- _Goal of the exercise_
Exactly the lines from the beginning of the material to the line with "光触媒　人工観葉植物　ウォールグリーン　フェイクグリーン　バウヒニア70" are to be repeated, both ends included.

+ + + + +

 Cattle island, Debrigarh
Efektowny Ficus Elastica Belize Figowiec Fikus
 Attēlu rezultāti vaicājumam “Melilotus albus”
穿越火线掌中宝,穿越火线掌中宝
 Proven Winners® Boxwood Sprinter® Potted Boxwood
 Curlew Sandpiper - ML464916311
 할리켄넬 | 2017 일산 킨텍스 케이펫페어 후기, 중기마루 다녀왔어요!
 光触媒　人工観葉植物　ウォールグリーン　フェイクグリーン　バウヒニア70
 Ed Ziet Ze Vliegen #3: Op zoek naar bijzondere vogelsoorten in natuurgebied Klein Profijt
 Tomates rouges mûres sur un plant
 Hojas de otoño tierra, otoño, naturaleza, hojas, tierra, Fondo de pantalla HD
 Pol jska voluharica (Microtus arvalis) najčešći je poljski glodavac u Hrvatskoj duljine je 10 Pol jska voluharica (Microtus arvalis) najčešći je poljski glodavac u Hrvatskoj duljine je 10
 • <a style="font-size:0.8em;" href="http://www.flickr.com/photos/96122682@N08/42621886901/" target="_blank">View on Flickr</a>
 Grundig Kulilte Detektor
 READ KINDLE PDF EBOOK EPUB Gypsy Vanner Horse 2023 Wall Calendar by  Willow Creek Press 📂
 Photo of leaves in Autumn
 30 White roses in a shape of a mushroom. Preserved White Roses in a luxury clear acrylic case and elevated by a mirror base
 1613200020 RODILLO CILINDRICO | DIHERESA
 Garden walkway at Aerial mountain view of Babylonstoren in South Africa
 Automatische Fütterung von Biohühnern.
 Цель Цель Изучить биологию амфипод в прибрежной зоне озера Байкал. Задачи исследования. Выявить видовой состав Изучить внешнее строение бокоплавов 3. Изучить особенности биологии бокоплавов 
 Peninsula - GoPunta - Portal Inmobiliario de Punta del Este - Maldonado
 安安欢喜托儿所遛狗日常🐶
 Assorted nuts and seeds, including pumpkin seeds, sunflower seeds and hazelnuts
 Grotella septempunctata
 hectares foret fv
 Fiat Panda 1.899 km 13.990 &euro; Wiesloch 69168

+ + + + +

- _Task output_
 Cattle island, Debrigarh
Efektowny Ficus Elastica Belize Figowiec Fikus
 Attēlu rezultāti vaicājumam “Melilotus albus”
穿越火线掌中宝,穿越火线掌中宝
 Proven Winners® Boxwood Sprinter® Potted Boxwood
 Curlew Sandpiper - ML464916311
 할리켄넬 | 2017 일산 킨텍스 케이펫페어 후기, 중기마루 다녀왔어요!
 光触媒　人工観葉植物　ウォールグリーン　フェイクグリーン　バウヒニア70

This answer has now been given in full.